Snowflake's automatic micro-partitioning already gives you pruning for free based on ingestion order. A clustering key triggers a continuous background re-sort process that consumes credits. For a table that's already well-pruned, you might be paying for a re-cluster that buys you almost nothing. For a table with high overlap across partitions on a frequently-filtered column, it's absolutely worth it. The point is that the trade-off exists and you need to acknowledge it.
What to say instead: "I'd first check the clustering information using SYSTEM$CLUSTERING_INFORMATION to see the average overlap and depth. If the overlap ratio is high and this column appears in most WHERE clauses, the credit cost of reclustering is likely justified. If the data is already ingested in roughly sorted order, I'd skip it."
Row-oriented databases handle updates cleanly: find the row, overwrite the bytes. Columnar formats don't work that way. Every column value for a given row is stored in a separate file segment. Updating one field means rewriting the entire micro-partition or row group.
Candidates who haven't internalized this will say things like "we can just run a daily MERGE to keep the table fresh" without realizing they're describing a potentially expensive rewrite operation. At scale, a MERGE on a large Snowflake table can touch hundreds of micro-partitions and generate significant write amplification. This is exactly why Delta Lake and Apache Iceberg exist: they layer a transaction log on top of immutable Parquet files so you can track which files are "current" without rewriting everything on every change.
If you're interviewing at a company running a lakehouse architecture, not knowing this is a real problem.
Result caching is useful. It's also extremely narrow. Snowflake's query result cache and BigQuery's cached results only activate when the exact same query runs again against data that hasn't changed. Change one filter value, add a LIMIT, or have the underlying table refresh — cache miss, full scan.

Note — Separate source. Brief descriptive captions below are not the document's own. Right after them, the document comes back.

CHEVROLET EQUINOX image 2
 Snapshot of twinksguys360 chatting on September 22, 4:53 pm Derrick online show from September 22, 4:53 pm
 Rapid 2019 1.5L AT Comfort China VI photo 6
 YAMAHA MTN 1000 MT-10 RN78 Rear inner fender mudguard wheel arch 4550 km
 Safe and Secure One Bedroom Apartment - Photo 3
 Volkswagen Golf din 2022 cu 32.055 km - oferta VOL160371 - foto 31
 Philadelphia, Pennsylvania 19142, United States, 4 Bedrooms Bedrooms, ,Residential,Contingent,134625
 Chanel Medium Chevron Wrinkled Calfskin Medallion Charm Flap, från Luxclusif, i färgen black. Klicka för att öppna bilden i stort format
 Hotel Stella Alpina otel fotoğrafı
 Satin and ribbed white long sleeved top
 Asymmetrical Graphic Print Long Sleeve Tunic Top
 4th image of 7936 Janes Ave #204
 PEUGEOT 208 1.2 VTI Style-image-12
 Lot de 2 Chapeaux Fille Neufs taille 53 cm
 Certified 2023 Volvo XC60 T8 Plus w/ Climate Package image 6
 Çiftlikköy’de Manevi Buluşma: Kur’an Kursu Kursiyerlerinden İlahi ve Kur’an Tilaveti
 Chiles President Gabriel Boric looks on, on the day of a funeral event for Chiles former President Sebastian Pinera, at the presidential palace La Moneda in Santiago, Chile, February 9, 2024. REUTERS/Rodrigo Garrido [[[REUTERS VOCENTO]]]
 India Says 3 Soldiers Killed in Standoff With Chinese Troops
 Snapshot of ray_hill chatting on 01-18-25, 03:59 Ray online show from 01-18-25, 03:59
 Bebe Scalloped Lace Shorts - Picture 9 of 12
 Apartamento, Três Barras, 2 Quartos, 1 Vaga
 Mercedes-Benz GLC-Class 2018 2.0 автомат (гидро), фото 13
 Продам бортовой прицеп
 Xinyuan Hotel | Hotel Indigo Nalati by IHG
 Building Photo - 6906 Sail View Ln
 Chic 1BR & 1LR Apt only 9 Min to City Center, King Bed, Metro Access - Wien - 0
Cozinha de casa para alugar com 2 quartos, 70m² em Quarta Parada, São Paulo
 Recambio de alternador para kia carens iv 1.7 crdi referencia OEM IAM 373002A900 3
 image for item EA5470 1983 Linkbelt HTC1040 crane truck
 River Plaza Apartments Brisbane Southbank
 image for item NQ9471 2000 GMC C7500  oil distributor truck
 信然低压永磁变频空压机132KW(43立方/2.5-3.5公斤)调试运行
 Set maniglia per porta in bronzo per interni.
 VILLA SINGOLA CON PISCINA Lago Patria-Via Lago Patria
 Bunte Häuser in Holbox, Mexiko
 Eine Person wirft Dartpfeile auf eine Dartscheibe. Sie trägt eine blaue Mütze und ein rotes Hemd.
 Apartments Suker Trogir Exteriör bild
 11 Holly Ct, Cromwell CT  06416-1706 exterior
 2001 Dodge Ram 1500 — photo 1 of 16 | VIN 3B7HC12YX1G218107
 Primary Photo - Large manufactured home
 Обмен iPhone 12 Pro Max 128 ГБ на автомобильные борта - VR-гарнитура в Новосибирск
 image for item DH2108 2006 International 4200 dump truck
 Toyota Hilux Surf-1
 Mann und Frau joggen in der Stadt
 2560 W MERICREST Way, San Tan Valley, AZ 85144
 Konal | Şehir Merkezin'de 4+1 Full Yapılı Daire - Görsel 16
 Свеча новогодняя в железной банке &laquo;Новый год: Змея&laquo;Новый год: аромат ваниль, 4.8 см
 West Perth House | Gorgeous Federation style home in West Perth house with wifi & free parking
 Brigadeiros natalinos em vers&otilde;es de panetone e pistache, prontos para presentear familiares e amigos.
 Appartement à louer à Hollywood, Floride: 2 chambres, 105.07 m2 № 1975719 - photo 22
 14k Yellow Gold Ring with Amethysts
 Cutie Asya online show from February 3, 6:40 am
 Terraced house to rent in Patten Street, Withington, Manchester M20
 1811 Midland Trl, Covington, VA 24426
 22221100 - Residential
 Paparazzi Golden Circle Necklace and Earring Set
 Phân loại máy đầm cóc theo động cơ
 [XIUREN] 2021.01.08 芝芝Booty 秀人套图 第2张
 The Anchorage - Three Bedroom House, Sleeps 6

The mistake sounds like this: "To speed up this dashboard query, I'd rely on Snowflake's result cache." That's fine if the dashboard runs the exact same SQL every time. But if users are filtering by date range, region, or any dynamic parameter, the cache is essentially useless for them.
Result caching is a nice bonus, not a performance strategy. The real levers are partition pruning, clustering, materialized views, and reducing the columns you scan. Lead with those.
You don't need to wait for a direct question about storage formats. These are the cues that should trigger this mental model:
Any time you hear "analytical workload," "aggregation at scale," or "why is this fast," columnar internals are part of the answer.
"How does Snowflake's micro-partitioning differ from Hive-style partitioning?" Hive partitioning is explicit and manual, you choose a partition key and data lands in separate directories; Snowflake micro-partitions are automatic, ~16MB immutable files created on ingestion order, with zone maps maintained per partition so pruning happens without any DDL configuration.
"When would you NOT use a columnar warehouse?" Transactional workloads with frequent single-row inserts or lookups, write-heavy pipelines where you're updating individual records constantly, and any workload that genuinely needs all columns on every query. Columnar reassembly overhead hurts you when you can't skip anything.
"How does vectorized execution differ from parallel execution?" Vectorized is within a single thread: the CPU processes a batch of 1024 values per instruction using SIMD, which keeps data in L2/L3 cache and avoids per-row function call overhead. Parallel execution distributes work across threads or nodes. Modern warehouses do both simultaneously, but at completely different layers.
"Why are UPDATE and DELETE expensive in columnar stores?" Column files are immutable. A single row update requires rewriting the entire column file or micro-partition that contains it. Table formats like Delta Lake and Iceberg handle this with a transaction log that tracks which files are current, but the underlying rewrite cost doesn't go away.